Levenstien is trying to figure out how she can expand her audience by catering to people who are outside a festival’s market, or don’t yet feel comfortable at in-person events. “I think that there’s a way to create that hybrid,” she said, adding that virtual attendees could pick up the same products in-person ticket holders will be tasting from a local store, or have them shipped to their door. “There are ways they could be engaged from home — even if it’s watching our bacon eating contests or sipping along and understanding the differences between hard seltzer flavors. It’s probably not going to be the same energy as if they’re on-site but at least they’ll still be able to join and engage.”
Safety comes first
Both Levenstien and Kole are prioritizing safety at their events and Levenstien pointed out how useful it’s been to have resources like Eventbrite’s COVID-19 Safety Playbook for Events. “Other than what [Eventbrite] created with the Safety Playbook, there haven’t been that many resources created for how events should re-enter,” she said. “We found it helpful to create an attendee journey manual, thinking about how our attendees were going to experience this event from the second they saw the event listed online all the way through filling out the post-event survey. We’re doing infrared temperature checks at the door, we’re mandating that masks be worn unless they’re sampling at that moment. We’re even providing everyone with a [contactless] drawstring bag that has their wristband and a bottle of water.”
Kole has been working with his local government and is taking pains to lay out safety expectations on event pages and in emails before the event — making it clear he’s taking attendees safety seriously. “Eventbrite is awesome and is letting you customize waivers so you can add waivers to your order form,” he said. “It’s an easy thing to do and it’s something we’ve been using a lot.”
The future is full of opportunities
Kole thinks simple, smaller events with shorter lead times will remain an events trend until there’s a vaccine for COVID-19 — especially if state and local governments continue to change rules and restrictions. “We learned our lesson planning these events that we can get burned pretty bad in the long run,” Kole said. “We make our money on large scale events — 5,000 to 10,000-person bar crawls and large festivals — and we’re not confident we can produce that in a way that’s gonna be safe and also that it’s gonna be guaranteed to go forward. So we’re looking to reinvent the wheel and also keep with our simple events.”
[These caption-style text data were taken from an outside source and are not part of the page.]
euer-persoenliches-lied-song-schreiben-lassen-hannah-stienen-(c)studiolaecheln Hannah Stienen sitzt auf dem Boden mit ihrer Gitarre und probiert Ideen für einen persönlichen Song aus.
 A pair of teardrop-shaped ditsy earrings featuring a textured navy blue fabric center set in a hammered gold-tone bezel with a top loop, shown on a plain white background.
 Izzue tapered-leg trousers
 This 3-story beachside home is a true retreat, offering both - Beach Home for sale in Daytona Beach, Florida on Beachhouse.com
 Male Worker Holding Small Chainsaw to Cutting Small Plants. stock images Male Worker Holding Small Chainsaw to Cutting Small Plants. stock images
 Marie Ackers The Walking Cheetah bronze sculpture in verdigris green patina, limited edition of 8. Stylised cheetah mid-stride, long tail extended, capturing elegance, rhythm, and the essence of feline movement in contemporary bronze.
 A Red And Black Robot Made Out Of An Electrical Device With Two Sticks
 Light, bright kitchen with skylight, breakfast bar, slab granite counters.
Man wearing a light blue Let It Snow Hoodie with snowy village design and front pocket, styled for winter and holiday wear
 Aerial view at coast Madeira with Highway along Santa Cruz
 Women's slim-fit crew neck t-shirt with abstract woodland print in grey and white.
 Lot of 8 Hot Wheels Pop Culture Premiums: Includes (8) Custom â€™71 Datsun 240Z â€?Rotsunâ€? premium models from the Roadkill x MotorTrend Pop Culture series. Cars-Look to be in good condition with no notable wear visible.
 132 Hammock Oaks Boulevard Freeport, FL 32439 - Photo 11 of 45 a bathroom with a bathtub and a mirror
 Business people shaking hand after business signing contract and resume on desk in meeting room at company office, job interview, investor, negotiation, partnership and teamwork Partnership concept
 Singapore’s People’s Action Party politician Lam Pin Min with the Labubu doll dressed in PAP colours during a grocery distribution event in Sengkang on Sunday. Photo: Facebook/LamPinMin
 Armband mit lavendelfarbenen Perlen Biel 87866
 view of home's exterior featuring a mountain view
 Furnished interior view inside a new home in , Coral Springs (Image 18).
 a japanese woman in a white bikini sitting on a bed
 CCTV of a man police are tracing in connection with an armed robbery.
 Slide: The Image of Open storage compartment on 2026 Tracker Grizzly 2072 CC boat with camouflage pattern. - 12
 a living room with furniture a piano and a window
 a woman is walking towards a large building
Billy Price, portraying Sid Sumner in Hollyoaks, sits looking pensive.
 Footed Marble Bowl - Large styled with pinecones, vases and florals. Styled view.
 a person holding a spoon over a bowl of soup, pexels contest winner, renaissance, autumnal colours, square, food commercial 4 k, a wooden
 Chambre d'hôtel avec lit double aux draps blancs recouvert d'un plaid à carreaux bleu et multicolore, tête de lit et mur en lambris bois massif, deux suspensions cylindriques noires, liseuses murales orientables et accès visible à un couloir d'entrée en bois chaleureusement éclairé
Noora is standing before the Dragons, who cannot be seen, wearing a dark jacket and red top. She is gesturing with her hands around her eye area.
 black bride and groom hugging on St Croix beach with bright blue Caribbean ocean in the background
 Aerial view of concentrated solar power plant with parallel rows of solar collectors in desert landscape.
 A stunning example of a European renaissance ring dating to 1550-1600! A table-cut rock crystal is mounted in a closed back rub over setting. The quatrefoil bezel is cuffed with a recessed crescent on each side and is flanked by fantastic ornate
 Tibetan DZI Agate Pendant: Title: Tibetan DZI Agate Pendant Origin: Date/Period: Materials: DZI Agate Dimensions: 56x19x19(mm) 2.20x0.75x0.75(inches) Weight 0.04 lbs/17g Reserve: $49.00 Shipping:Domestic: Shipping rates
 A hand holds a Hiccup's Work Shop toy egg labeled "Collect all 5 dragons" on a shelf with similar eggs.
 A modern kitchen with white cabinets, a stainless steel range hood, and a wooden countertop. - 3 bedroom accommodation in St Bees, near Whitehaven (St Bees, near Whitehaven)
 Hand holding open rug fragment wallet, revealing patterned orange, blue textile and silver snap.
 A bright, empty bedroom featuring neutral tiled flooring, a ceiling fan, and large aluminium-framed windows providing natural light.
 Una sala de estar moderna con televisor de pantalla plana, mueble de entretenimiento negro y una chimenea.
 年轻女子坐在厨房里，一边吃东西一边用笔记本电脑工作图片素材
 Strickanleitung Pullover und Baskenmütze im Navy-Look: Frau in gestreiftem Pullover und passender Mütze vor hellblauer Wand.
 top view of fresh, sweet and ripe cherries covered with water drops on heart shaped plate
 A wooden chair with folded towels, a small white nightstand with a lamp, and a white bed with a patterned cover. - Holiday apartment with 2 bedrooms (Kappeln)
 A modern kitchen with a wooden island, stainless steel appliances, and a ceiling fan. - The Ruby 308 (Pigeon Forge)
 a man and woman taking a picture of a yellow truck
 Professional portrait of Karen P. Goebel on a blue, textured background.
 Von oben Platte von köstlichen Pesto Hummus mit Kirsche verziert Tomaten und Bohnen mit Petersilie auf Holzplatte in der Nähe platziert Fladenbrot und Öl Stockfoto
Levenstien foresees a lot of potential in the future as event producers flex their creative muscles and put their heads together. In April, she launched CLEO, the Coalition of Live Event Organizers as a way to have collaborative conversations with other event experts. “That’s been a really wonderful resource and it’s a very trusting network of people who are being really honest and vulnerable,” she said. “It’s been wonderful to lean on other event organizers because we’re all in it together.”
Levenstien said she’s confident that event creators can weather this storm and come out better for it — much like after the 2008 recession. “Even though we’re in this period of time that sucks, I think we all are very creative people — that’s why we’re event organizers,” she said. “We’re resilient, we’re quick on our feet, we’re very creative, and we make it happen.”